# Blackadder Assembles a Decimator:



## Blackadder (Jun 28, 2009)

Blackadder Assembles a Decimator:

Sometimes you just get tired of scratch building and need some escapism. I've had this little model kicking around in my "ToDo Cupboard" for a few years.

http://i.imgur.com/eWkdD1A.jpg









http://i.imgur.com/sQdKGmO.jpg









http://i.imgur.com/EuBgxSq.jpg









In assembling it I was greatly surprised how much larger than a dreadnought it really is. Also the little guy next to him; I have no idea what he is at all.


----------



## Old Man78 (Nov 3, 2011)

as usual, I will look forward to your work, and I too am surprised at the size between it and the dread, did not thin it was that big!


----------



## Kreuger (Aug 30, 2010)

I'm looking forward too! 

The little guy next to the Decimator engine is a Forge World, Horus Heresy era, First Captain of the Death Guard, Calas Typhon later known as "Typhus". What a mouthful!


----------



## Blackadder (Jun 28, 2009)

Yikes; they're all him!

Blackadder's OCD:

I wouldn't be the Blackadder if I didn't try to improve on the model in question. Since the legs and feet are too small and weak to try to articulate them I settled for the arms and armament. I have three weapons for the Decimator; a big cannon like drum weapon, a Butcher Cannon and a multiple barrel whatever ah machine gun I guess. Anyway I wanted them to be interchangeable and I also wanted the to be pose-able in their elbow sockets and I wanted the arms shoulders to move as well.

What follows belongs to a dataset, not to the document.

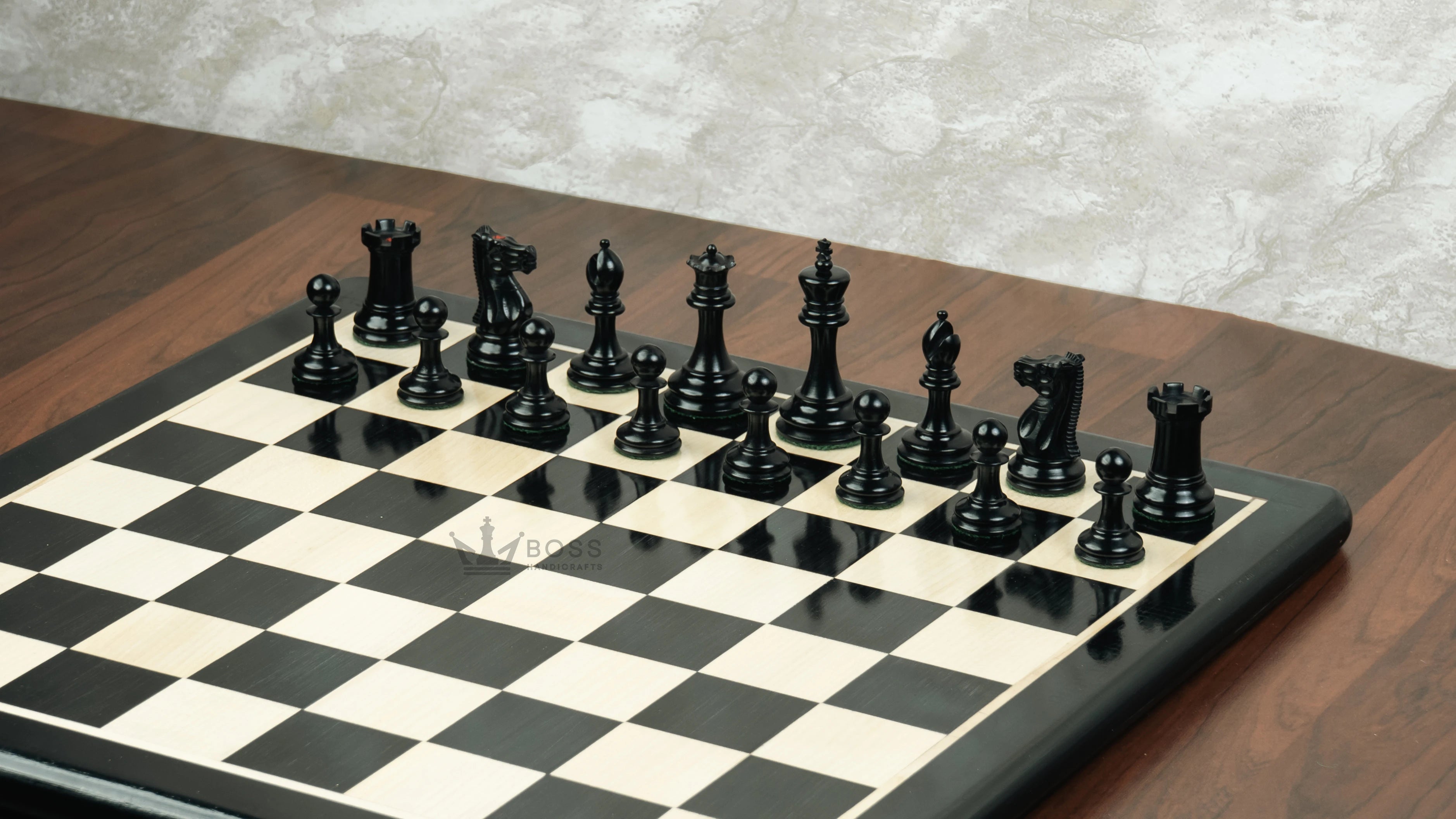 2.9” PROFESSIONAL STAUNTON EBONY WOOD WEIGHTED CHESS PIECES, 17” EBONY STYLE BOARD & BOX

http://i.imgur.com/6HBohCC.jpg









The tools seen here and the neodymium magnets are what I used to attach the weapons by drilling the magnet diameter holes and supergluing the 3mm disks in the elbow joints and mount tabs on the weapons 
The shoulder flexibility is achieved by drilling and tapping 6-32 threads in the resin and securing with 6-32 screws.

http://i.imgur.com/mWpRR0g.jpg









You can readily see the move-ability of the shoulder in the above image.

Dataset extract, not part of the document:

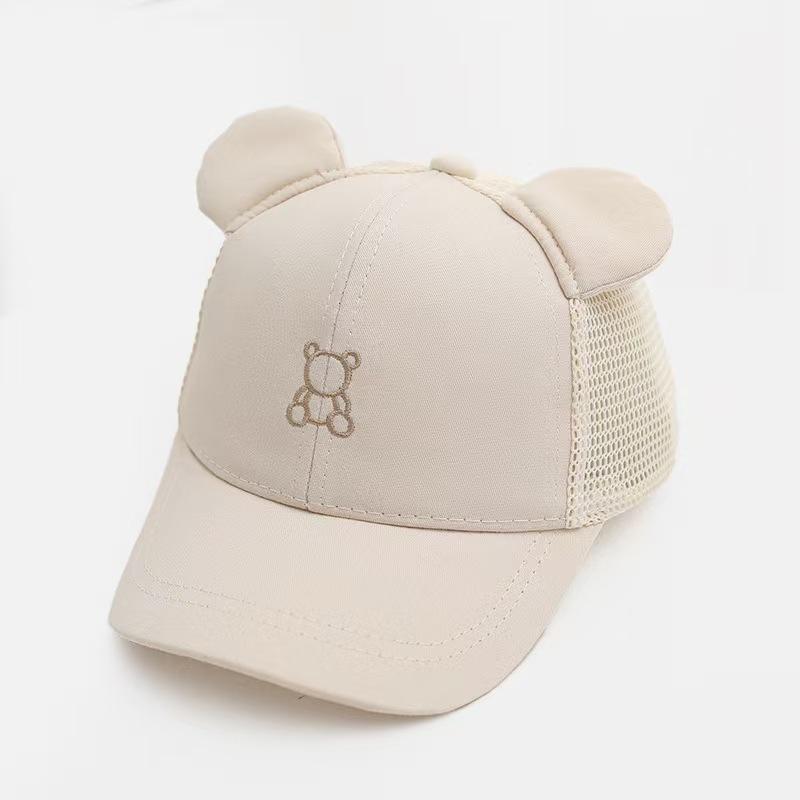 KT媽咪奶粉用品團購-春夏新款兒童防曬帽,INS風格熊熊鴨舌帽,兒童防曬帽,透氣帽,棒球帽,可愛小熊兒童棒球帽/防曬帽帽-細節圖2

http://i.imgur.com/9gu5mv7.jpg









Because the weapons are magnet mounted changing them requires but an instant.

http://i.imgur.com/Q9P8AtC.jpg


----------



## yanlou (Aug 17, 2008)

Very nice, iv been meaning to get one of those myself,
the weapons you have mate are the soulburner petard, the big drum weapon (lol), the multi barrel one is a storm laser.
All you need now is the heavy conversion beamer lol


----------